[Met Performance] CID:134160
New production
La Serva Padrona {5}
Salome {18} Metropolitan Opera House: 12/9/1942.
(Debut: George Szell
Reviews)
Metropolitan Opera House
December 9, 1942
Il Matrimonio Segreto: Overture
Conductor...............Paul Breisach
New production
LA SERVA PADRONA {5}
Pergolesi-Federico
Serpina.................Bidú Sayao
Uberto..................Salvatore Baccaloni
Vespone.................Alessio De Paolis
Conductor...............Paul Breisach
Director................Lothar Wallerstein
Set designer............Richard Rychtarik
Costume designer........Mary Percy Schenck
La Serva Padrona received two performances this season.
SALOME {18}
R. Strauss-O. Wilde/Lachmann
Salome..................Lily Djanel
Herod...................Frederick Jagel
Herodias................Karin Branzell
Jochanaan...............Herbert Janssen
Narraboth...............John Garris
Page....................Helen Olheim
Jew.....................Karl Laufkötter
Jew.....................Lodovico Oliviero
Jew.....................Alessio De Paolis
Jew.....................John Dudley
Jew.....................Gerhard Pechner
Nazarene................Norman Cordon
Nazarene................Emery Darcy
Soldier.................Mack Harrell
Soldier.................John Gurney
Cappadocian.............Wilfred Engelman
Slave...................Lillian Raymondi
Conductor...............George Szell [Debut]
Director................Herbert Graf
Set designer............Donald Oenslager
Salome received three performances this season.
Review of Virgil Thomson in the New York Herald Tribune:
The occasion was enhanced by the debut at the Metropolitan Opera of the celebrated Czech conductor, George Szell, who directed the work with power, precision, and all imaginable exactitude of expression.
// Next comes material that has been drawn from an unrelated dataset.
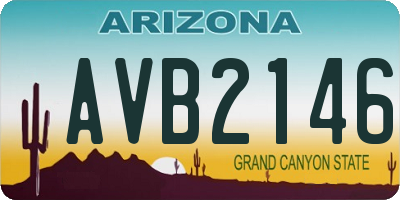 AZ license plate AVB2146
Last night's revival of ["Salome's"] lurid expressionismus was orchestrally and vocally superb. Miss Djanel, who sang the name part, sang admirably. But admirably! So did everyone else. The performance was a rich and grand one; and the major credit must go, of course, to Mr. Szell. The score was squeezed for every effect and yet the great line of it was kept intact and the sonorities remained within the domain of "legitimate" musical sounds. Mr. Szell did a virtuoso job on a difficult and complex work. He didn't force the singers or the brasses. He made all the music sound and sound well. So vigorous an hour and a half of musical experience is not to be met with every week.
Review of Oscar Thompson in the New York Sun:
The dominating figure of the performance was not really on stage, but in the pit. George Szell, who made his Metropolitan debut as the conductor of the Straussian ensemble, lifted it out of the routine to which we have been accustomed. The score glowed and pulsated in his hands. The orchestra, on which so much depends, rose to the opportunities. The stage principals were fused into a stirring musical whole.